Segment Start: INPUT

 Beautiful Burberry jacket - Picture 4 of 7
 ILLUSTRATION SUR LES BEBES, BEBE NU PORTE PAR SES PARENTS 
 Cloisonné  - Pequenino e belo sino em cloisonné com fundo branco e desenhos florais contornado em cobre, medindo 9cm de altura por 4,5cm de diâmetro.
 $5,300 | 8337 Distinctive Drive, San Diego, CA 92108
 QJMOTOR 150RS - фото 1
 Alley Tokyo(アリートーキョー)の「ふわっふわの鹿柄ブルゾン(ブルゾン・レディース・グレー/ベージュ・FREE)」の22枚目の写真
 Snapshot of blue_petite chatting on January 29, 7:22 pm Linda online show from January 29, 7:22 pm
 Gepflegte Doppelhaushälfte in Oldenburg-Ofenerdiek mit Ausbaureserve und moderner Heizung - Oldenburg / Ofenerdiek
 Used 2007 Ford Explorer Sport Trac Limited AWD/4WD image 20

Segment End: INPUT
Segment Start: INPUT

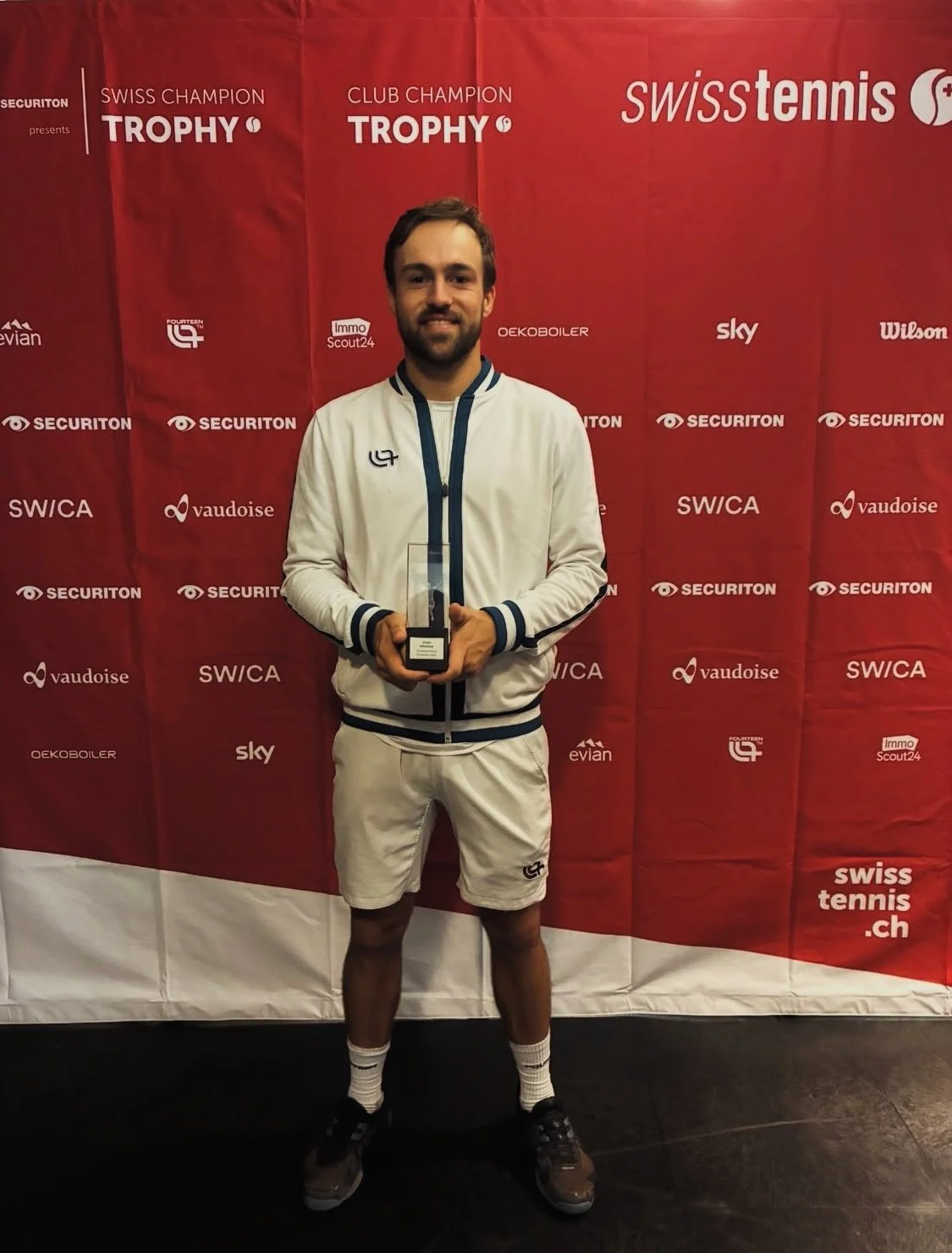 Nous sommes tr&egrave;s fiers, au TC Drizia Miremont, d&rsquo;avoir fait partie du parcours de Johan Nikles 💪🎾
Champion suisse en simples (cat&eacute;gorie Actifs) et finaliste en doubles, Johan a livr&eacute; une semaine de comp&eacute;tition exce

Segment End: INPUT
Segment Start: INPUT

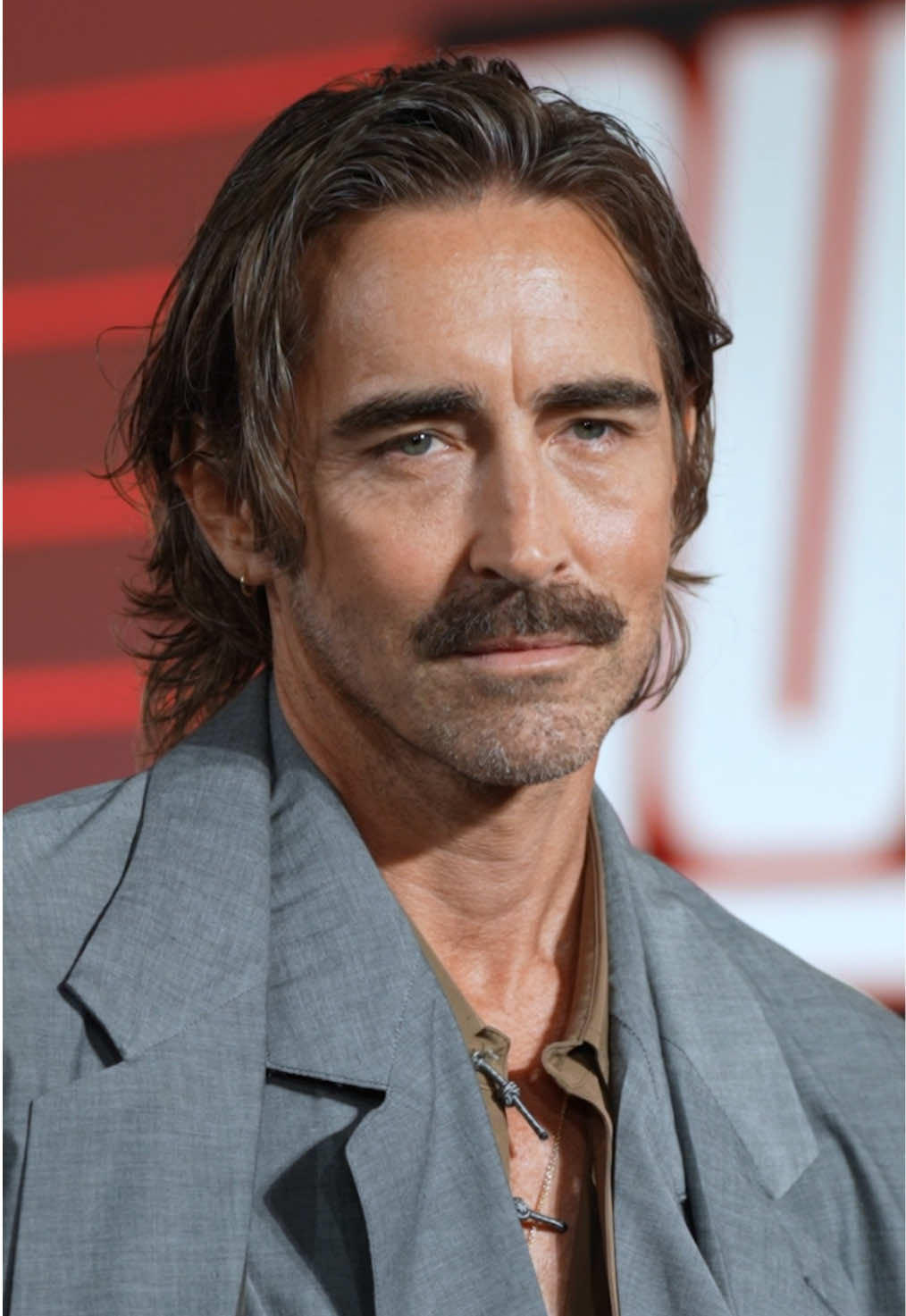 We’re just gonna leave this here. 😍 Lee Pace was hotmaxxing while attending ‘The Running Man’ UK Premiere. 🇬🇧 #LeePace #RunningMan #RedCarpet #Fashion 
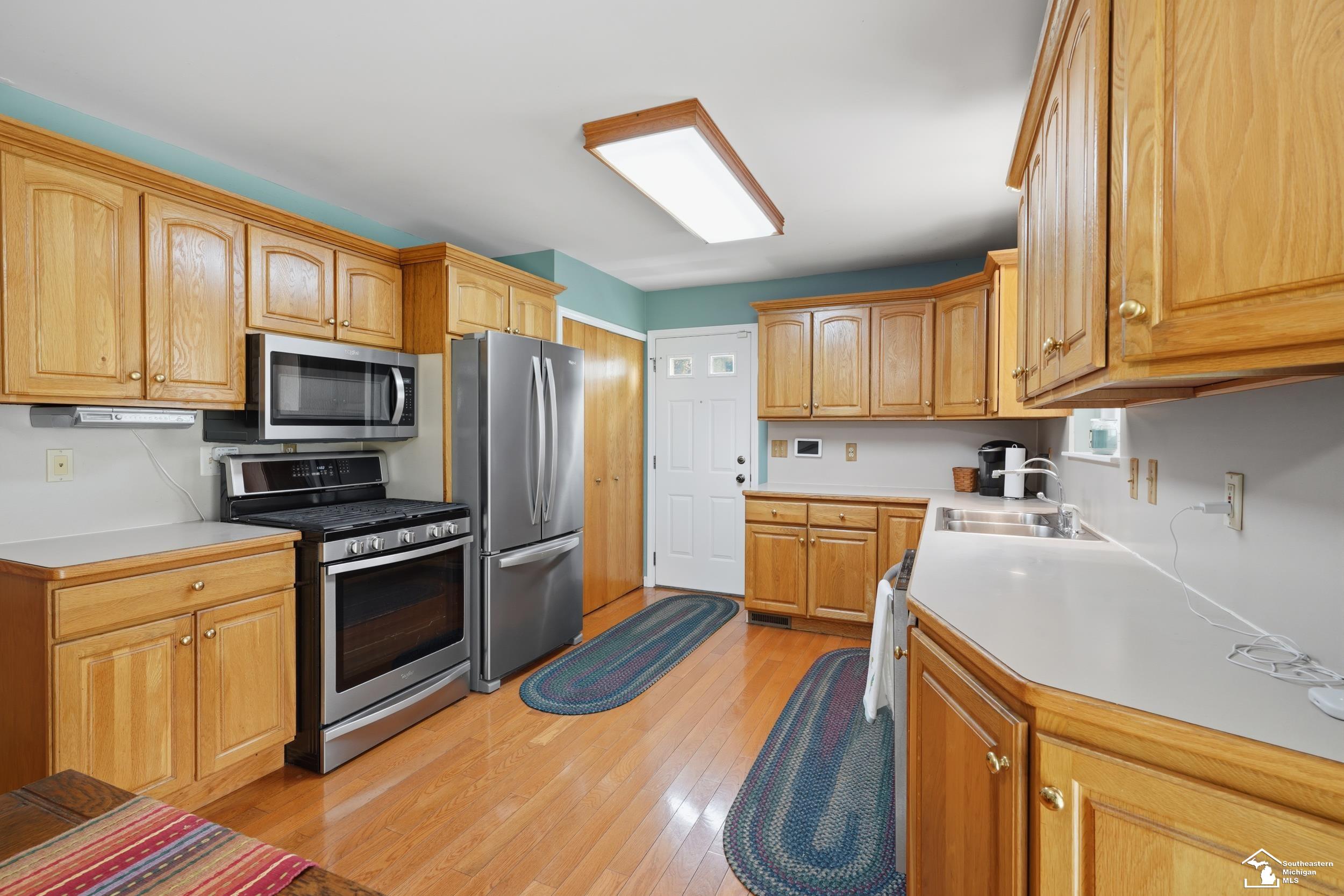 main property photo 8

Segment End: INPUT

YOUR INSTRUCTIONS:
Your copy should hold only the lines above from the one containing "We’re just gonna" through the one containing "main property photo 8", exactly as written and free of pictures.

REPLY TO THE TASK:
 We’re just gonna leave this here. 😍 Lee Pace was hotmaxxing while attending ‘The Running Man’ UK Premiere. 🇬🇧 #LeePace #RunningMan #RedCarpet #Fashion 
 main property photo 8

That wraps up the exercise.